Written statement to Parliament
Winter resilience review
This was published under the 2010 to 2015 Conservative and Liberal Democrat coalition government
A report has been published which audits how highways authorities and transport operators coped with cold weather in winter 2010.
As I explained to the House yesterday, in light of the early and severe onset of winter last month I asked David Quarmby CBE to follow up his earlier review of winter resilience with an urgent audit of how well highway authorities and transport operators in England have coped with the cold weather between 24 November and 9 December 2010. David’s report to me is published today (21 December 2010) and copies have been placed in the libraries of the House.
In the main, he has found that the country’s transport systems coped well with the early severe weather during that period. However, given the more recent extreme cold snap, and that forecasts predict snow into the New Year, we welcome David’s recommendations on how we can further bolster our resilience. It is now vitally important that those to who they are addressed take these recommendations forward without delay.
The audit emphasises the volatile nature of British weather, but notes the Met Office’s view that the three severe winters are genuinely independent events. However, as I explained to the House yesterday, I will be assessing advice from the government’s Chief Scientific Advisor, Professor Sir John Beddington, on the longer-term implications of the changing climate and the way in which they should influence our investment decisions across the sector in relation to winter resilience.
The report finds that local highway authorities generally coped well with the extreme and early winter conditions, but used a significant amount of their salt stocks in doing so.
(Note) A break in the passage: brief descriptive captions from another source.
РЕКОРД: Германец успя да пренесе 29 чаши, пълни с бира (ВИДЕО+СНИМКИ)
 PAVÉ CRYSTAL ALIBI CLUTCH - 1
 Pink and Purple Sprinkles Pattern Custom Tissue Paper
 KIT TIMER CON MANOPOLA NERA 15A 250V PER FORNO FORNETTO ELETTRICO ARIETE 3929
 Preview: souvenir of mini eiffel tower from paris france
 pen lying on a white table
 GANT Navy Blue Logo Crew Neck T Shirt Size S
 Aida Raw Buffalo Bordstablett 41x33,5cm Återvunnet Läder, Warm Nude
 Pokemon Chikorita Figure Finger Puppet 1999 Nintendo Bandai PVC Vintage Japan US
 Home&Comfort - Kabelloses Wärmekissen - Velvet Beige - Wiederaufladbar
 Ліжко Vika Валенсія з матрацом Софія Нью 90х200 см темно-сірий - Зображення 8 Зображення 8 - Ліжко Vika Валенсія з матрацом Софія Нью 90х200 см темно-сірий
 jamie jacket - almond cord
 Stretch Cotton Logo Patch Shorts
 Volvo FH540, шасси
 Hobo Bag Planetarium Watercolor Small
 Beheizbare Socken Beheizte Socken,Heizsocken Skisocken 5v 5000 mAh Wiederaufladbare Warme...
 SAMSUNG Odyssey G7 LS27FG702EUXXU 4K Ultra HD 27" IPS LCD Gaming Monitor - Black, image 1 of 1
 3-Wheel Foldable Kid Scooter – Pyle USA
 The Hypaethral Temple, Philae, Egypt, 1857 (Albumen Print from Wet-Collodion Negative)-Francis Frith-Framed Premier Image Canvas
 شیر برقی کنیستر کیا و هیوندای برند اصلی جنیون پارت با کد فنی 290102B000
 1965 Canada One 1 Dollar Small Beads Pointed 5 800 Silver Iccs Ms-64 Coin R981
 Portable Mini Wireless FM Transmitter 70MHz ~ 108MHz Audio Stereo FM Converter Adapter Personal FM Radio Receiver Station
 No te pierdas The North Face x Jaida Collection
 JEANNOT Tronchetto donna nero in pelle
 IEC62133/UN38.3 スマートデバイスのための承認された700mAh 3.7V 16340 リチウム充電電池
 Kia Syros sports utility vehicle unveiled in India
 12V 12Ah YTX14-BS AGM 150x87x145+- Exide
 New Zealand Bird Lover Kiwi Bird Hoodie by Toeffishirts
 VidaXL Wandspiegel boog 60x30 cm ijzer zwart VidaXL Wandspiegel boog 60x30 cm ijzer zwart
To assist with salt supply over the Christmas and New Year holiday period when deliveries from the mines tend to become more infrequent, I am making available to highways authorities 30,000 tonnes from the national strategic salt supply which was established earlier in the year in response to Quarmby’s first review. I have also asked the Highways Agency to make arrangements for the import of further supplies of salt, up to an additional 250,000 tonnes, to strengthen further our resilience. This is expected to start arriving in January.
But we need to ensure that we make the best possible use of existing stocks, new mine production and imported supplies. As we cannot be sure how long the current severe weather will persist, or how often it will recur this winter, prudence requires that all highway authorities should critically examine their current levels of usage and look for economies to maximise the duration of existing stocks.
Varying spread rates between local highway authorities has been identified as a concern for David Quarmby. I have already asked the UK Roads Liaison Group and the National Winter Service Research Group to prepare additional straightforward guidance on spread rates based on all evidence available, so that all highway authorities can adopt the practice of the best.
The report also refers to the extraordinary events that occurred on the M25 at junction 3 on 30 November. Highways Agency officials have already briefed me on these events, and I look forward to a full report in due course analysing the incident and setting out the lessons that the agency have learnt.
The rail network has been particularly badly affected by the weather this year, perhaps in contrast to the 2 previous winters. Quarmby’s recommendations here are for the longer term; and I am asking the rail industry to formulate proposals on contingency timetables, real-time information and third rail alternatives. I will also ask them to conduct the recommended review of their operational performance.
Although the focus today is very much on aviation and the problems at Heathrow in particular, this was less of an issue during the period that this report covers and there are therefore no specific recommendations directed at the aviation sector. It is clear, however, that, as a separate piece of work, we will need to work with BAA and the airlines to understand exactly what went wrong at Heathrow over the weekend and why it has taken the airport so long to recover.
I would like to thank David Quarmby, who has delivered this audit report to a very challenging timetable. As with his previous reports, his analysis and recommendations are clear-sighted, and will help the transport sector to improve its resilience to winter weather.